Get in the habit of not sleeping in, even on the weekends. Sleeping for longer periods of time than you are used to can throw your entire sleep schedule out the door. For people that experience insomnia, this can kick it into high gear. Instead, set the alarm for the same time that you need to get up for on the weekdays.

If insomnia is creeping up on you every night, consider getting earplugs. Many people are sensitive to sound, and don’t even know it. Even quiet sounds will instigate insomnia, preventing needed rest. The earplugs will block out all sounds, and should help you get to sleep faster and stay asleep too.

Give yourself a good 30 minutes of trying to fall asleep, before automatically concluding that you’re in for a night of insomnia. It may take a full half an hour before your body is ready for snoozing, and if you so much as think the word “insomnia” you could set yourself up for it!
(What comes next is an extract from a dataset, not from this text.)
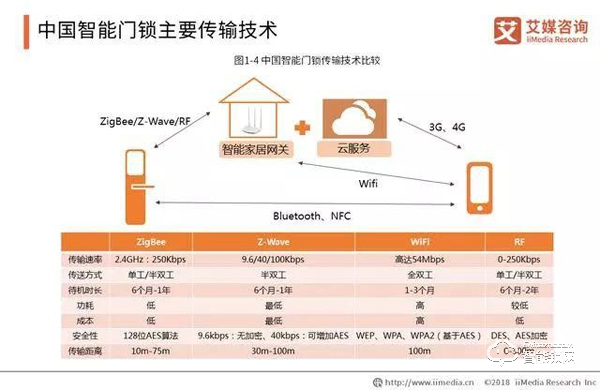數據報告|2019年智能鎖步入市場井噴期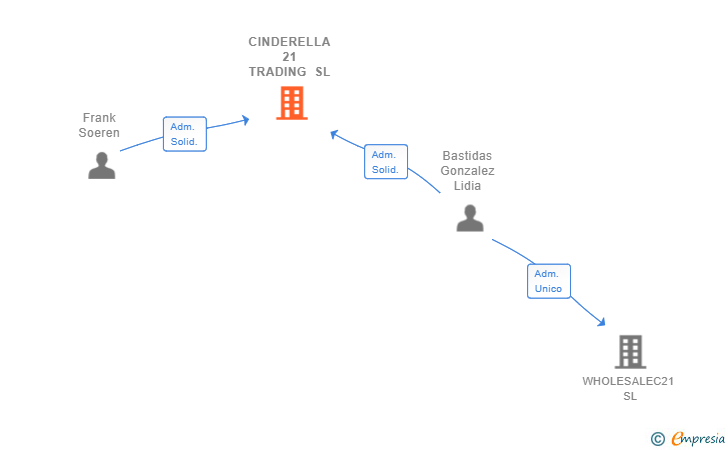 Vinculaciones societarias de CINDERELLA 21 TRADING SL (EXTINGUIDA)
Ask your doctor before trying sleep aids. This is particularly important if you plan to use it long term. You might find relief with the pill now and again, but you could discover that long term using is tough on your body.

Try drinking a cup of warm milk at bedtime for a tried and true natural cure. Milk contains a sedative that is natural and relaxing. It allows your body to relax and can also invoke memories fro when you were a child.

If your insomnia is very severe, talk to your doctor about prescription sleep medications. While these medications are useful in treating insomnia, they are not to be taken on a long-term basis, as they can aggravate insomnia in the long run. They are best used in order to establish a sleep routine, and are then discontinued.

Have a massage done. It doesn’t have to be a professional; it can be your spouse. Just make sure they apply the strokes that are characteristic of a good massage. A nice massage can relax your muscles and put you into a relaxed state. That can make you more likely to sleep.

You may find that one or a combination of things mentioned here are needed for your specific situation. You will probably be able to go to sleep easily if you apply all the methods you just read about. Keep reading about insomnia so that you can find even more beneficial information.